Two global economics observations about the ineptitude of economic policy.
First, we knew about the credit crunch for at least a 15-18 months before the September 2008 meltdown. Yet, the crisis was not only not averted, but perhaps not even slowed down. The months after the collapse of Lehman were spent in a frantic search for new policy solutions. Nothing seemed to have worked. The nature of the crisis eliminated the most powerful tool of the central bank: the financial transmission channel. And thus a surprising policy void followed. The extent we did not know what was going on is illustrated well by the widening of economic forecast range at the time (and the collapsing predictive power of the mean), as well as the jitters that followed the drastic fiscal expansion everywhere. Arguably, it was not the lack of data, but more our lack of knowing what to do with it that caused the problem. Even when the packages started to work in the summer of 2009 (or at least something caused the numbers turn better), it came as a surprise.
Second, there is an eerie ‘dunno what’s going on’ in the air again. The ‘good’ data tends to signal export led growth (Germany, China). The countries that keep importing are still and again showing signs of the malaise (US, much of rest of Western Europe, Japan). Nobody can come up with even a half credible forecast for for any period beyond the next few months. The lesson we seem to have learned from the 2007-8-9 forecast fiascos is not even try that hard…

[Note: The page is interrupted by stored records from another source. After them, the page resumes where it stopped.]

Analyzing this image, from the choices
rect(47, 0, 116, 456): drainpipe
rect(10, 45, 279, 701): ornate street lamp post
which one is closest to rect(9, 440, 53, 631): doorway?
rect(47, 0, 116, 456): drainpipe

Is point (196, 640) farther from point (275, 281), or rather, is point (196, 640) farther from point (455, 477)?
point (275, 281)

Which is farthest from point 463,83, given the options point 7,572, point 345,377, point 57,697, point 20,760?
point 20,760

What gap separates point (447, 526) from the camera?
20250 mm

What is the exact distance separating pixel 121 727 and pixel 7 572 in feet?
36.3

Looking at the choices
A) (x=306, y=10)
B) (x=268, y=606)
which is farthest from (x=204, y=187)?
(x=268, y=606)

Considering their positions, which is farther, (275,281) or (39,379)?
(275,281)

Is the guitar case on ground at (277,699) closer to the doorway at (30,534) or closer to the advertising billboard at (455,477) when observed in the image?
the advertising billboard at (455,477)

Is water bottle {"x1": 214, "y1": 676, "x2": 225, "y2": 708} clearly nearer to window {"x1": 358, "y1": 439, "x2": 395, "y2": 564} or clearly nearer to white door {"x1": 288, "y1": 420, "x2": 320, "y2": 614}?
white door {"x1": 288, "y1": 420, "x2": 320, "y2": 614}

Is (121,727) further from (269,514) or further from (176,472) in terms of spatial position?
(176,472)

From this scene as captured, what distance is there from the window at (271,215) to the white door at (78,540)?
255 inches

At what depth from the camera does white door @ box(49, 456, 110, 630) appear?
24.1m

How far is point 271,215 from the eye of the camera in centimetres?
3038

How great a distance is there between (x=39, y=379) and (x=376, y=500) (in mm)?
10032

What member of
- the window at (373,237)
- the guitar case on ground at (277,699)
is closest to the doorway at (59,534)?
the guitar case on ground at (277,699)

Why is this? Why are we unable to provide even the basic level of forecasts? And in any case, if there is a double dip, why is it here? If the ‘global policy maker’ has been dealing with this crisis for three years straight, why has it not been sorted?

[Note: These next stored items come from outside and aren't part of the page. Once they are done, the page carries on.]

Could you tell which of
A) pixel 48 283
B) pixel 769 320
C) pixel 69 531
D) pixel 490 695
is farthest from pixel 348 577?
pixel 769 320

Well, one possible answer is that the global economy behaves very differently to how the national level economies do. This blog has argued in the past that the future of economics will certainly have to deal with the fact that the global macroeconomy cannot take for granted a series of assumptions that the national level ones could. Ecological buffers, and socio-cultural homogeneity can be assumed only if they tend to be there. Global economics, will have to come up with some very different notions.
Yet, the need for a new organisational level in our models is perhaps a problem for later years. For it is not hitting the ecological carrying capacity, or having dysfunctional societies that seem to be the reason for the lack of efficient management of the global economy.
It is the lack of global policy institutions.
Imagine that you take any well functioning national economy: the US or Sweden, New Zealand or Thailand. Eliminate the national government, leave the local municipalities in place. Then boost the locals’ finances, give them local currencies, and strong local economic policy institutions: a taxation, budget, central bank, regulators. What would that world be like? Would this world be just as good as the current one? Or would these local institutions start altering their policies to take the maximum benefit from what had been the ‘national economy’? Would this inevitably lead to meltdown? A macroeconomic tragedy of commons.
And what would happen to economic forecast? In good times, the self movement of the system would give you a good basis for efficient prediction. But in bad times, you would need to know the reaction of the economy to the net effect of the multitudes of those municipality-level policies. You would need to assume some form of quasi-national-level policy, and build the model on that. But how could you derive that from the local ones, especially if those were playing against each other?
The global economy is not as integrated as most national economies. But, it is on the way. Today's version is not unlike an emerging economy, going through rapid structural change, within an environment characterised by weak and mostly brand new policy institutions. The funny thing is that if you were to put it that way, we would know immediately what to do.
The ineptitude of policy and forecasting professions points to the same direction. The direction of global economic policy institutions.